Look at all these factors and prioritize them in order of importance. Consider what your must-haves are. There could be other factors too, like the availability of assisted living or the potential to start a business. Then do you research. There is plenty of information available in International Living and other online resources. Join Facebook groups for locations you’re interested in.

Your goal is to find locations that match up with your profile. Places that have all or some of the things you need and want. Your ideal location is out there. You just need to find it.

How to Secure Your Residence Visa

Several countries make it quite easy for retirees to obtain visas. They have dedicated retirement programs. For example, Costa Rica has its pensionado program, which allows a person and their spouse to live there full-time. The main requirement is a guaranteed $1,000 a month in income from Social Security or a retirement fund. Belize’s Qualified Retired Persons program requires you to be over 45 years old; have $2,000+ in income from Social Security, pension, or annuity; stay in Belize 30 consecutive days annually; and pass a criminal background check. As part of the program you can import a car and/or boat tax free, as well as your household goods. You’ll be tax exempt on all income from outside Belize.

In Europe, there are also visa programs. In Portugal, for example, the Type 1 visa is available to those who have private healthcare insurance valid in Europe and sufficient funds to cover the cost of living in the country. You first receive a temporary visa, good for one year. You can renew for two years twice. Then you can convert to a permanent resident.

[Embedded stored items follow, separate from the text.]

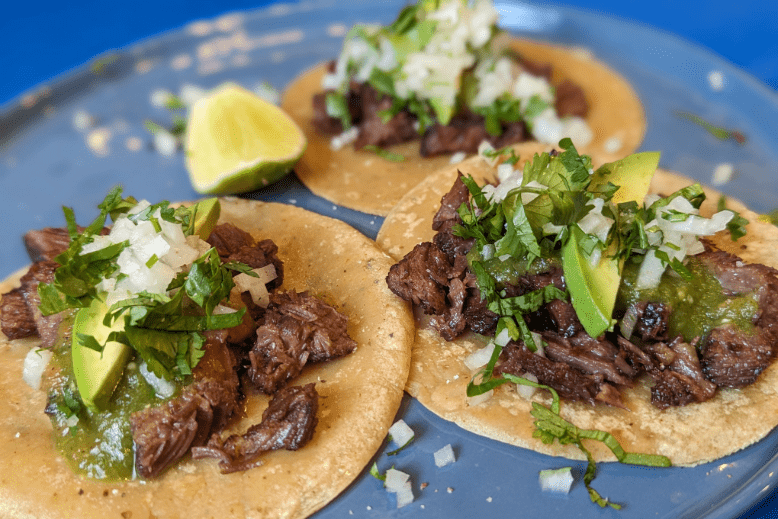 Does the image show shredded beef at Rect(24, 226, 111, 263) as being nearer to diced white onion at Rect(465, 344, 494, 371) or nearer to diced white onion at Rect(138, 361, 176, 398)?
diced white onion at Rect(138, 361, 176, 398)

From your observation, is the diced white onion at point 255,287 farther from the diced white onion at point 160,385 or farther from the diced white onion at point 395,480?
the diced white onion at point 395,480

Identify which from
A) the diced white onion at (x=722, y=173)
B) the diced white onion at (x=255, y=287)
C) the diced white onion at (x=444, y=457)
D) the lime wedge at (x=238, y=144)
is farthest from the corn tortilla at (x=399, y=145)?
the diced white onion at (x=444, y=457)

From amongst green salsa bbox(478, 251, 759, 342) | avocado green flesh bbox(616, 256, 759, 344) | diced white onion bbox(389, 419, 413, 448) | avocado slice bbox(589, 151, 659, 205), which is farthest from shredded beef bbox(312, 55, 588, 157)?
diced white onion bbox(389, 419, 413, 448)

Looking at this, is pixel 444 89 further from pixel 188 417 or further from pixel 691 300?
pixel 188 417

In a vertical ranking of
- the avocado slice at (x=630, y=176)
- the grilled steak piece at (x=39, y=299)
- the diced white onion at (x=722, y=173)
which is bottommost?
the diced white onion at (x=722, y=173)

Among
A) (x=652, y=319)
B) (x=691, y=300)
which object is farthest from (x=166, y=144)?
(x=691, y=300) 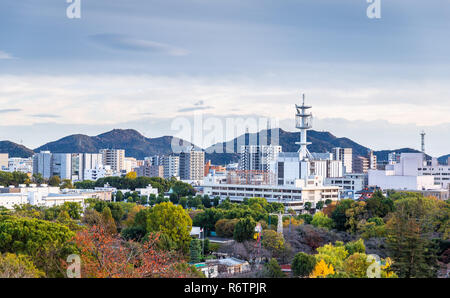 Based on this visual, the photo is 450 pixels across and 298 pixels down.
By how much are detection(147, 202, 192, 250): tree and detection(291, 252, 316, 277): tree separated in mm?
3257

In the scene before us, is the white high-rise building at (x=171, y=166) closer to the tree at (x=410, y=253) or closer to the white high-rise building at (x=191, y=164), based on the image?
the white high-rise building at (x=191, y=164)

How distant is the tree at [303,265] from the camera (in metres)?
8.10

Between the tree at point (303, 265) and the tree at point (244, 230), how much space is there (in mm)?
2887

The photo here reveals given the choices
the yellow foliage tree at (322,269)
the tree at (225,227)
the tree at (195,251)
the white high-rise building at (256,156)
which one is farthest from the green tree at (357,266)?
the white high-rise building at (256,156)

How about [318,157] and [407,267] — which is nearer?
[407,267]

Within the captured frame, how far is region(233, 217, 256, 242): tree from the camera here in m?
11.2

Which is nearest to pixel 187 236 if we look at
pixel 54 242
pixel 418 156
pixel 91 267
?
pixel 54 242

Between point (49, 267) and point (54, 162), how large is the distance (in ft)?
110

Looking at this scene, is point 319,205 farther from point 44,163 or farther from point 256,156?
point 44,163

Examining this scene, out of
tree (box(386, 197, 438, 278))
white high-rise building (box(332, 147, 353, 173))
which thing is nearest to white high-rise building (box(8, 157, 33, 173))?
white high-rise building (box(332, 147, 353, 173))

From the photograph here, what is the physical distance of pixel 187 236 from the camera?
1136cm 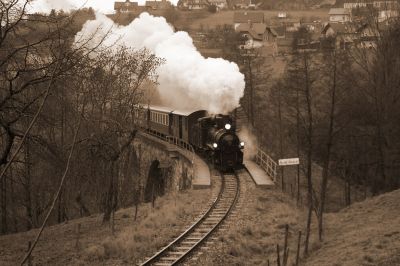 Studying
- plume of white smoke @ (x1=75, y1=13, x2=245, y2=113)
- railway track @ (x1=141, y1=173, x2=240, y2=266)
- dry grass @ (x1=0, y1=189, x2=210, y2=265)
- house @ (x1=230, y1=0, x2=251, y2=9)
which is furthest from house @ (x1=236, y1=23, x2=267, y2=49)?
dry grass @ (x1=0, y1=189, x2=210, y2=265)

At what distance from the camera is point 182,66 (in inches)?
1312

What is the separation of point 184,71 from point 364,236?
2069 centimetres

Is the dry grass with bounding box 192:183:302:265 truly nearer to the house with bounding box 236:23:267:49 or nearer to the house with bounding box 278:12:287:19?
the house with bounding box 236:23:267:49

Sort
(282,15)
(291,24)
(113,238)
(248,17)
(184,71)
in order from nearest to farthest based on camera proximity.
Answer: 1. (113,238)
2. (184,71)
3. (291,24)
4. (248,17)
5. (282,15)

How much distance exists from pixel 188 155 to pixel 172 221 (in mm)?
12272

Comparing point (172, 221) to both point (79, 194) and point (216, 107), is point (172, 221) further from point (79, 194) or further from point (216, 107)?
point (216, 107)

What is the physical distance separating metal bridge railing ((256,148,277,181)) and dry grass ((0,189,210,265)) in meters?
4.88

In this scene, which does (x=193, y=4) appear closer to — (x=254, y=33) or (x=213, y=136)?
(x=254, y=33)

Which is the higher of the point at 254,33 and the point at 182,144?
the point at 254,33

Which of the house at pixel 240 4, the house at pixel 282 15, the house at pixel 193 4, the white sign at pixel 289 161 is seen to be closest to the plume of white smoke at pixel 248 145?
the white sign at pixel 289 161

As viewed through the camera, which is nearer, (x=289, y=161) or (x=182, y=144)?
(x=289, y=161)

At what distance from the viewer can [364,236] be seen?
1404 centimetres

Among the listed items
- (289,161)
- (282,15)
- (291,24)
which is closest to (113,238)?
(289,161)

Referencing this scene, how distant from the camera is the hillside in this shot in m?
11.6
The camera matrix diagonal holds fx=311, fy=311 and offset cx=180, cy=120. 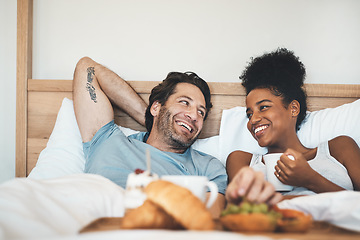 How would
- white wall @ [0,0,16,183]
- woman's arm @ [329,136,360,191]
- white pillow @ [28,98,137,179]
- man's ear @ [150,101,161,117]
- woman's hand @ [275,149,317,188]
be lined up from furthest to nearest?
1. white wall @ [0,0,16,183]
2. man's ear @ [150,101,161,117]
3. white pillow @ [28,98,137,179]
4. woman's arm @ [329,136,360,191]
5. woman's hand @ [275,149,317,188]

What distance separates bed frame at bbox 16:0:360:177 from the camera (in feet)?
5.54

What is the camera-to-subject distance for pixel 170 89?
1.58 m

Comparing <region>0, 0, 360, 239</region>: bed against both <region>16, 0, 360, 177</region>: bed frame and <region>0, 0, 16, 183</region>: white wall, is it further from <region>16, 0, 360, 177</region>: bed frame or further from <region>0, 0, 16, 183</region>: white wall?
<region>0, 0, 16, 183</region>: white wall

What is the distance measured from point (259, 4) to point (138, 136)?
105 centimetres

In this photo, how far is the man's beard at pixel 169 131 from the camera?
57.2 inches

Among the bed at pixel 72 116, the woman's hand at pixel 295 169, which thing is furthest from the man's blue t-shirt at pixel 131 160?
the woman's hand at pixel 295 169

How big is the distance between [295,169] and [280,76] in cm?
56

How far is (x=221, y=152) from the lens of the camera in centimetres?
157

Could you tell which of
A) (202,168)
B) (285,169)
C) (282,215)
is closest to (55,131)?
(202,168)

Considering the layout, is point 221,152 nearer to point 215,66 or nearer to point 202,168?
point 202,168

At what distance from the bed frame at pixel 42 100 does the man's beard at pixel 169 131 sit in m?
0.25

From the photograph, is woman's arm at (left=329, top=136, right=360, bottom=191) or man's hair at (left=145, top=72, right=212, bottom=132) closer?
woman's arm at (left=329, top=136, right=360, bottom=191)

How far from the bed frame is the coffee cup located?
15.2 inches

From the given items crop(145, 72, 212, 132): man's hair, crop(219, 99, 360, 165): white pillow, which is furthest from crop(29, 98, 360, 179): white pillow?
crop(145, 72, 212, 132): man's hair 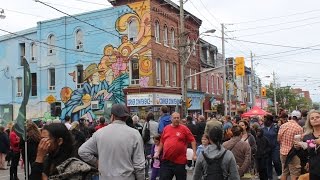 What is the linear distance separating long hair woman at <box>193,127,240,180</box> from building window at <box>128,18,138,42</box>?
27691 mm

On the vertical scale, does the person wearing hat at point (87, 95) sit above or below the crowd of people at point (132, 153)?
above

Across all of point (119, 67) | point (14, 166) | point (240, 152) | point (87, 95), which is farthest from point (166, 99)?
point (240, 152)

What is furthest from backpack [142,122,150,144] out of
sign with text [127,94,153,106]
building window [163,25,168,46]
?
building window [163,25,168,46]

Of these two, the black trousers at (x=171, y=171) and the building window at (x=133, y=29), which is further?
the building window at (x=133, y=29)

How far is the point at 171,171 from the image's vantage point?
27.7 ft

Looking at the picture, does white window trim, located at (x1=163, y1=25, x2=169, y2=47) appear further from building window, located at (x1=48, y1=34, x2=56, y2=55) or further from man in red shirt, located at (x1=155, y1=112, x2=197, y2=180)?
man in red shirt, located at (x1=155, y1=112, x2=197, y2=180)

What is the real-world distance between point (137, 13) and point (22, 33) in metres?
12.3

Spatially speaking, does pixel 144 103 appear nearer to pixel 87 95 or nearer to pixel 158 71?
pixel 158 71

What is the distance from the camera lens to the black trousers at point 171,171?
8.40 metres

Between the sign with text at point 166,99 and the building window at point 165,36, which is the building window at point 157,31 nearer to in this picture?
the building window at point 165,36

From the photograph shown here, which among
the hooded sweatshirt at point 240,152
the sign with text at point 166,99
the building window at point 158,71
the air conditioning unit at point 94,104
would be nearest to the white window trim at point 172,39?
the building window at point 158,71

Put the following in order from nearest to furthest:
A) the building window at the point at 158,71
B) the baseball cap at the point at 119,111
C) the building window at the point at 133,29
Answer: the baseball cap at the point at 119,111 < the building window at the point at 133,29 < the building window at the point at 158,71

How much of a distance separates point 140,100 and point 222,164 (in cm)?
2611

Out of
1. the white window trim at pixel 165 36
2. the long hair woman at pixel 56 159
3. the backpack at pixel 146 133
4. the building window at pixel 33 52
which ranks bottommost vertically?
the backpack at pixel 146 133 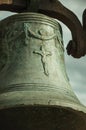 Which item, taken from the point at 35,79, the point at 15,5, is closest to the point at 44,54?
the point at 35,79

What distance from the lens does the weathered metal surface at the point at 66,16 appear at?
10.2 ft

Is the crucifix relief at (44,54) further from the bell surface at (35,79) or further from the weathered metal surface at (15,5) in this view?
the weathered metal surface at (15,5)

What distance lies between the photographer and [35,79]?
2699 mm

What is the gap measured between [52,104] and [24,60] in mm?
482

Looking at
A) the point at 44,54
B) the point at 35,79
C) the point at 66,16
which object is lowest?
the point at 35,79

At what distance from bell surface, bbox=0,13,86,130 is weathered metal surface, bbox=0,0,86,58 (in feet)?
0.57

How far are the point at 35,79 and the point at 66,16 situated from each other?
0.75 meters

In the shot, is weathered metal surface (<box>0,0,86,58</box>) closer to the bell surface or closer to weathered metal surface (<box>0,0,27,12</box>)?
weathered metal surface (<box>0,0,27,12</box>)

In Mexico, where there an estimated 1 million retirees and other expats from the United States living full or part-time (as well as a half-million Canadians), there is no designated retirement visa. But it’s quite easy to receive a temporary or permanent residence visa. For temporary residence, you need only about $1,400 a month in income to qualify—and you can bring you U.S. plated car into the country.

In many countries, getting a visa is the first step to eventual citizenship and a second passport; a process that usually takes years and could require you to learn the local language.

How to Make Money While Living Abroad

If you still need to generate an income while living abroad, you’ll have to keep in mind that most countries don’t want you to take a job from a local. And many residence visas for foreigners do not allow you to work. Besides, the salary you might make would no doubt be much lower than the U.S. anyway. That doesn’t mean you can’t make money. There are plenty of options.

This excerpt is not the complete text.